■ **What needs to be done**
Reproduce, please, the line that holds "New 2027 Chevrolet" and all later lines through the end of the entries below, exactly; omit pictures.

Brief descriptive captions
========
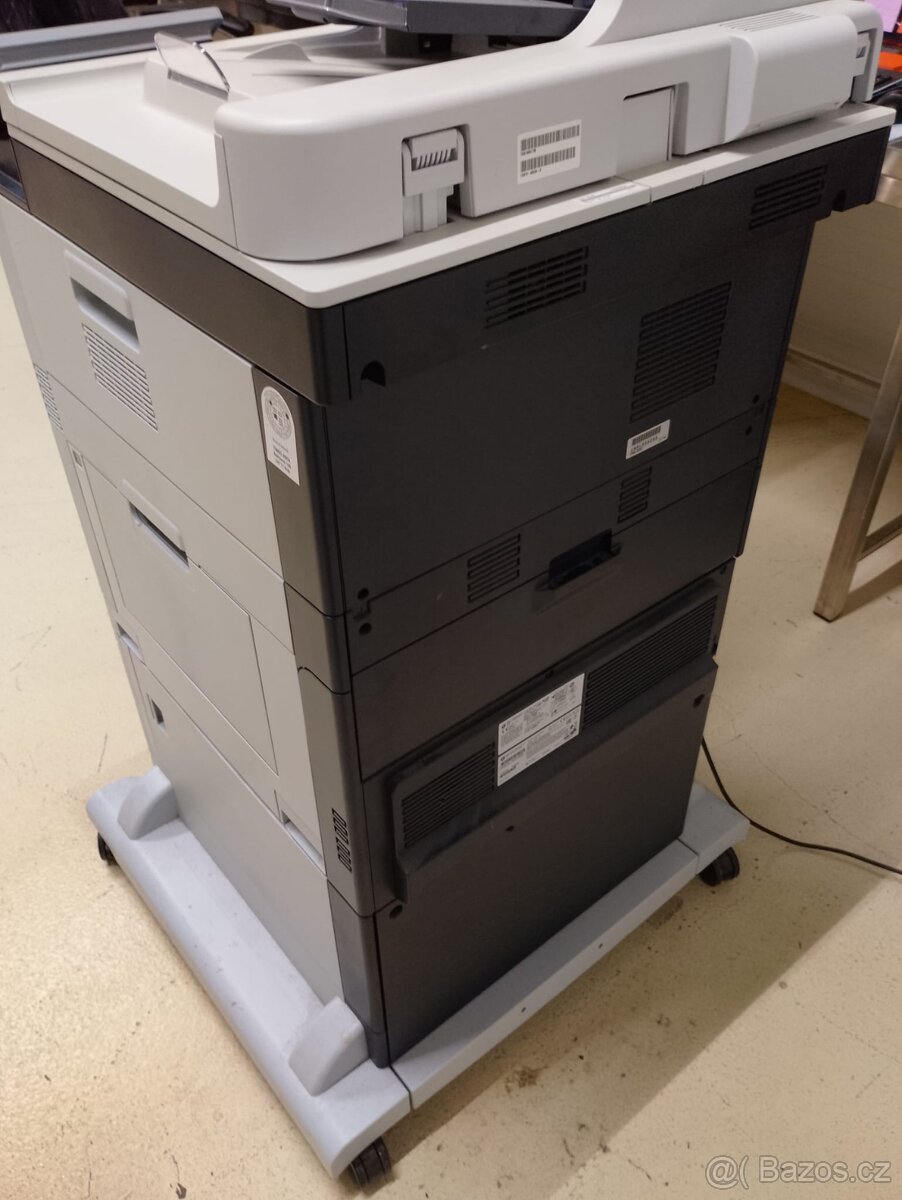 HP LaserJet Enterprise 700 Color MFP M775 - 3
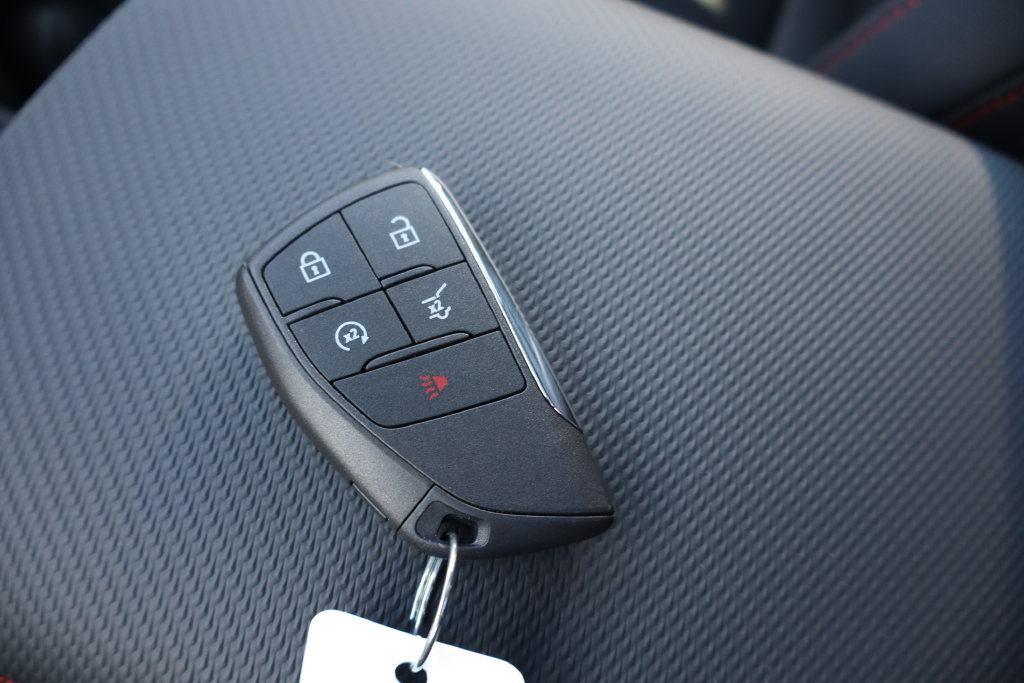New 2027 Chevrolet Equinox RS w/ Safety and Technology Package AWD/4WD image 32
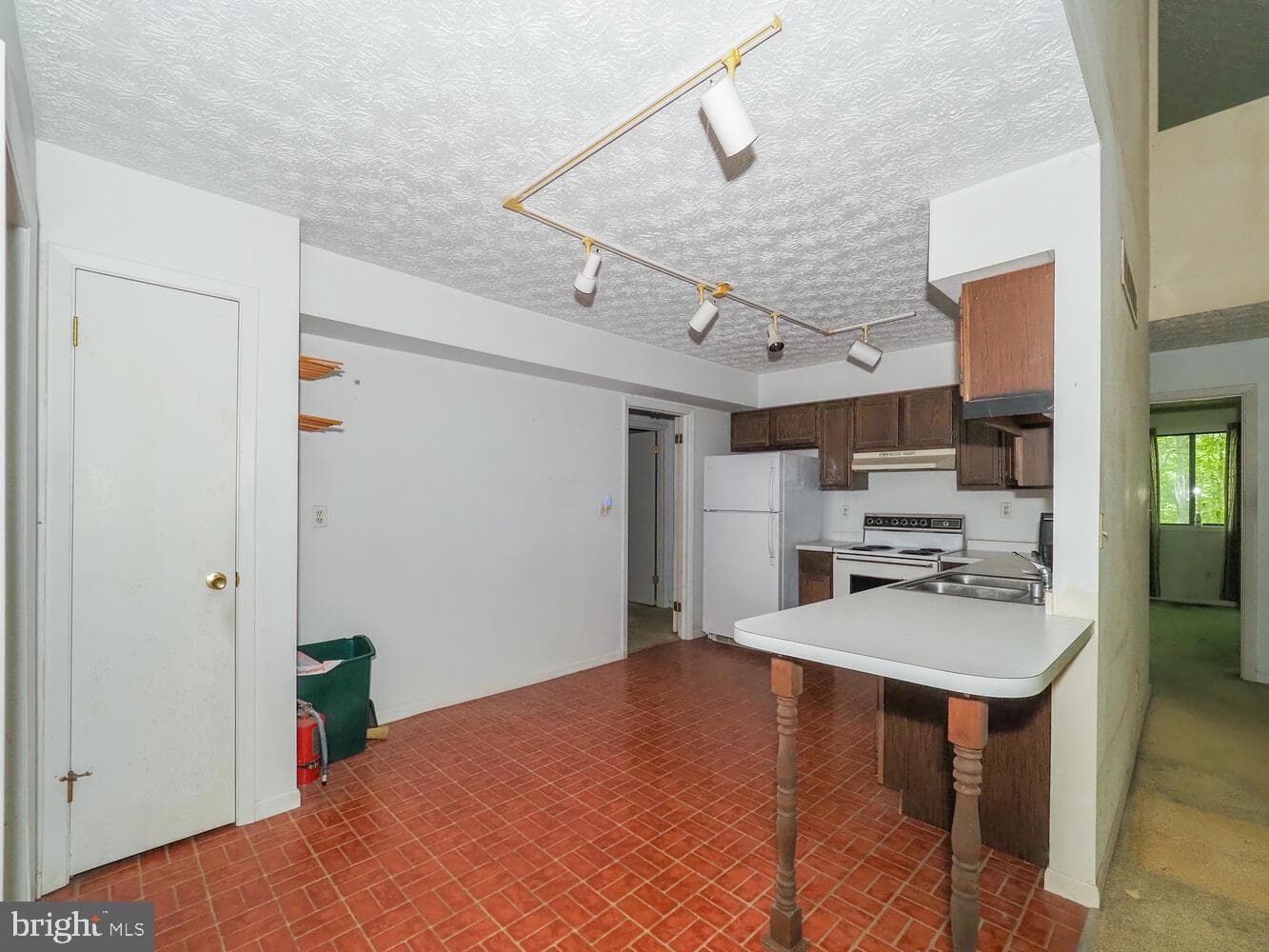 524 Ridge Road photo 9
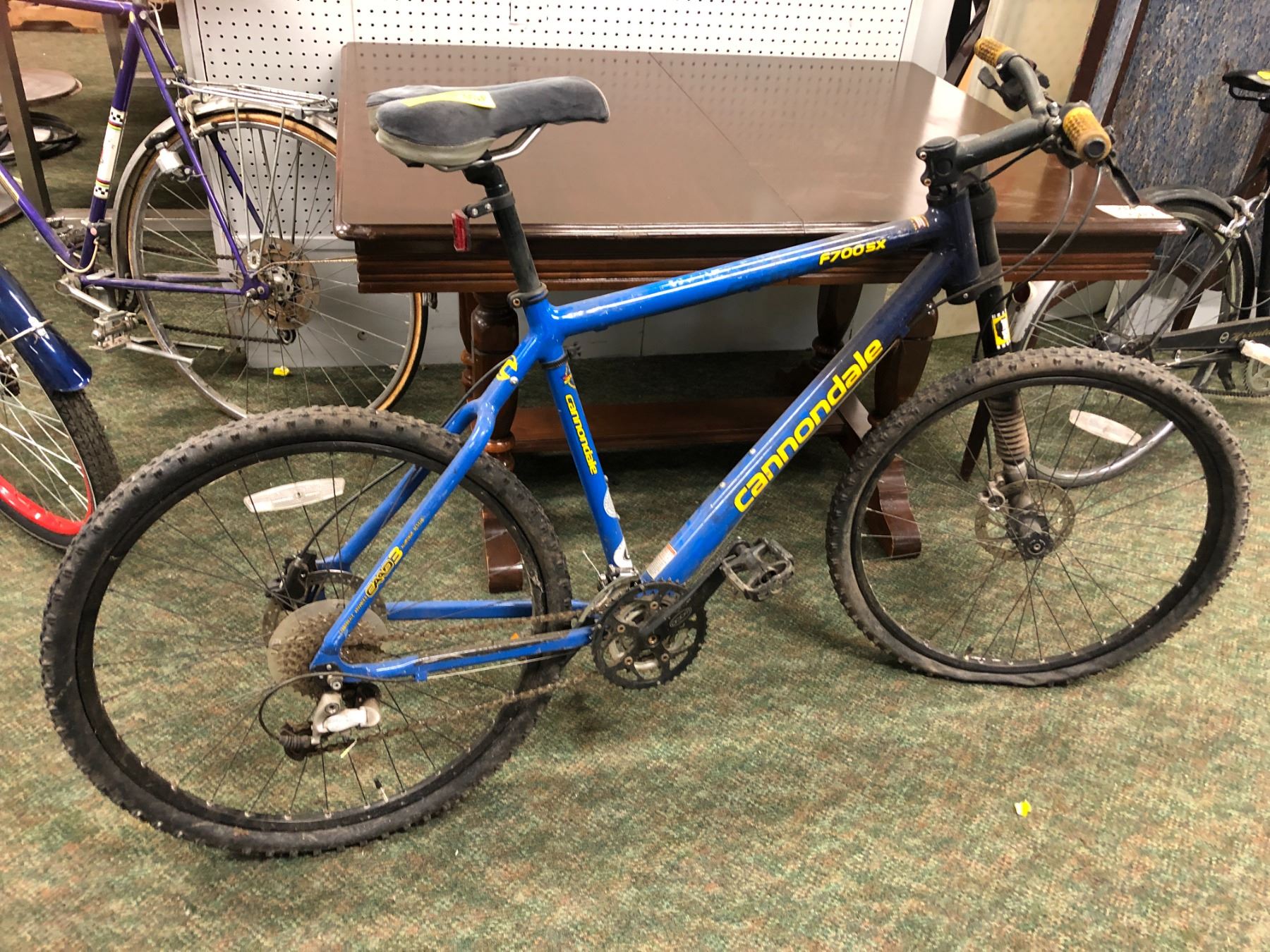 2000 Cannondale F700 SX mountain bike
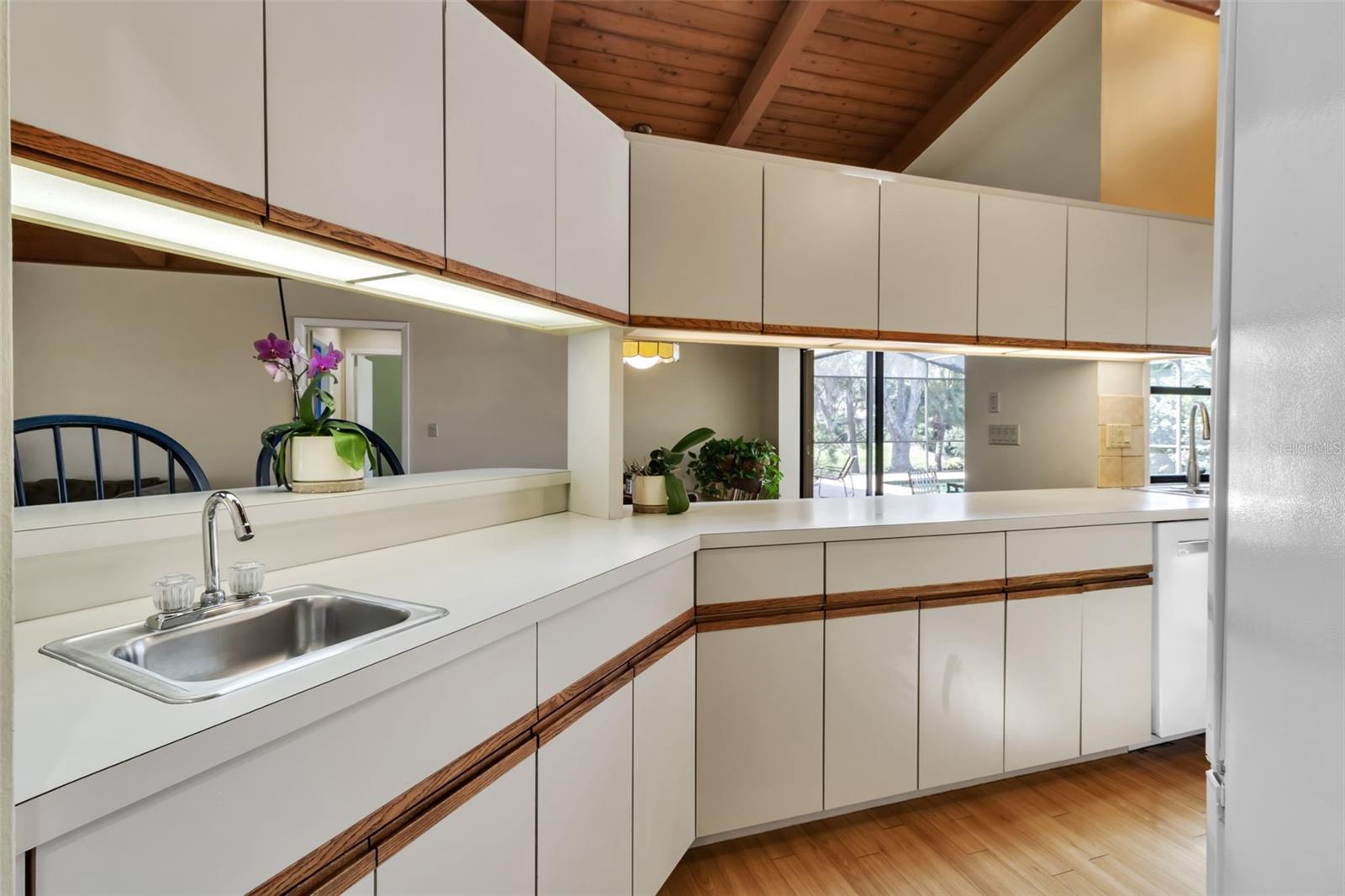 1732 PINE HARRIER CIR, SARASOTA, FL, 34231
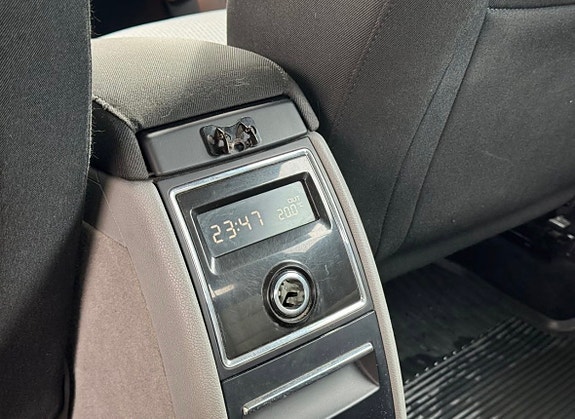 Skoda Superb 10 of 11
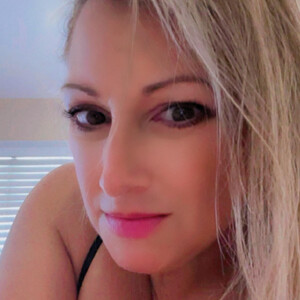 Aleesa_milf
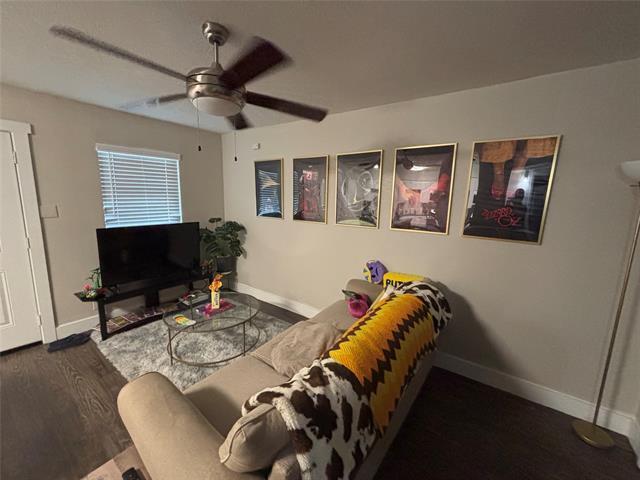 Foto del edificio - 5928 Fletcher Ave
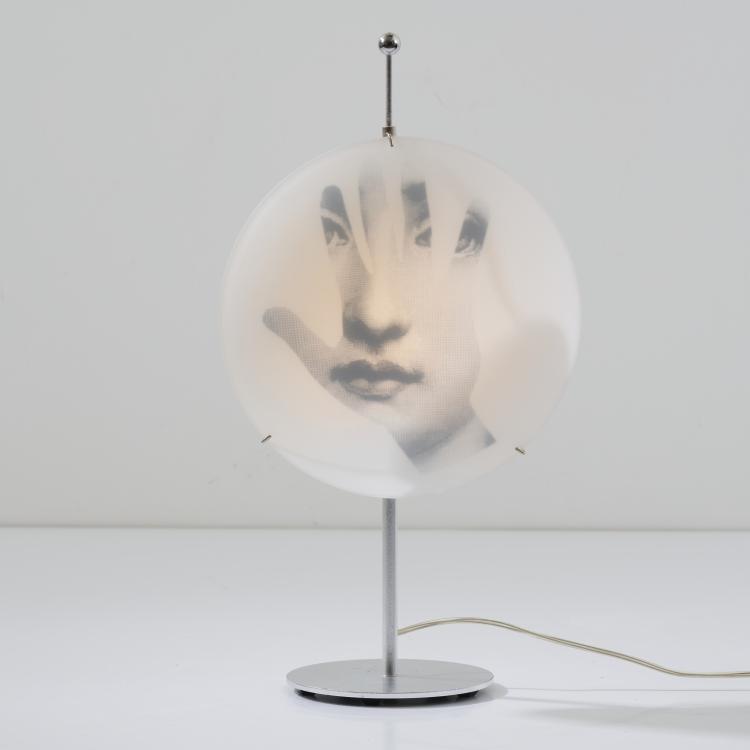 Hauptbild zu Objekt, Tischleuchte 'Tema e Variazioni', 1990er Jahre, Barnaba Fornasetti, Antonangeli Illuminazione, Paderno Dugnano/Mailand, 167A 135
========
■ **Solution to this problem**
New 2027 Chevrolet Equinox RS w/ Safety and Technology Package AWD/4WD image 32
 524 Ridge Road photo 9
 2000 Cannondale F700 SX mountain bike
 1732 PINE HARRIER CIR, SARASOTA, FL, 34231
 Skoda Superb 10 of 11
 Aleesa_milf
 Foto del edificio - 5928 Fletcher Ave
 Hauptbild zu Objekt, Tischleuchte 'Tema e Variazioni', 1990er Jahre, Barnaba Fornasetti, Antonangeli Illuminazione, Paderno Dugnano/Mailand, 167A 135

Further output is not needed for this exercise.